- **ACTION ITEM**: Using the entries that follow, write out the line containing "Standard, Queen Bed, Street", the line containing "81 Ashland St, Manchester, NH 03104-5115", and every line between them, exactly and nothing else.

Segment Open

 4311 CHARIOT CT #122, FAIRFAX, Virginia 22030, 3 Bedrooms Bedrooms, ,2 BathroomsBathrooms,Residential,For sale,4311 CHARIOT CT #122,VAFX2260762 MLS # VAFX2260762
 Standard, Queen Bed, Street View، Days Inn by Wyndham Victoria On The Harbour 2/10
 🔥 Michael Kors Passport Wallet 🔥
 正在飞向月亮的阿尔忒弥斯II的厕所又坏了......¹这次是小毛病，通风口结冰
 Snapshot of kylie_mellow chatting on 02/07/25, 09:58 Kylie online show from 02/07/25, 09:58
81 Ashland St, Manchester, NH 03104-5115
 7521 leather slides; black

Segment Closed
Segment Open

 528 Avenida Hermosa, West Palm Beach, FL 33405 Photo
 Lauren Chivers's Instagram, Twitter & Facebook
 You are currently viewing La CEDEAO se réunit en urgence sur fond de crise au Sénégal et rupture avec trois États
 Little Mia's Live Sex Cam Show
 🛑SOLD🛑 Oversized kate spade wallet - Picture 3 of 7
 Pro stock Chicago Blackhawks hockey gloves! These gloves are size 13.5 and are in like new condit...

Segment Closed

- **RESULT**:
 Standard, Queen Bed, Street View، Days Inn by Wyndham Victoria On The Harbour 2/10
 🔥 Michael Kors Passport Wallet 🔥
 正在飞向月亮的阿尔忒弥斯II的厕所又坏了......¹这次是小毛病，通风口结冰
 Snapshot of kylie_mellow chatting on 02/07/25, 09:58 Kylie online show from 02/07/25, 09:58
81 Ashland St, Manchester, NH 03104-5115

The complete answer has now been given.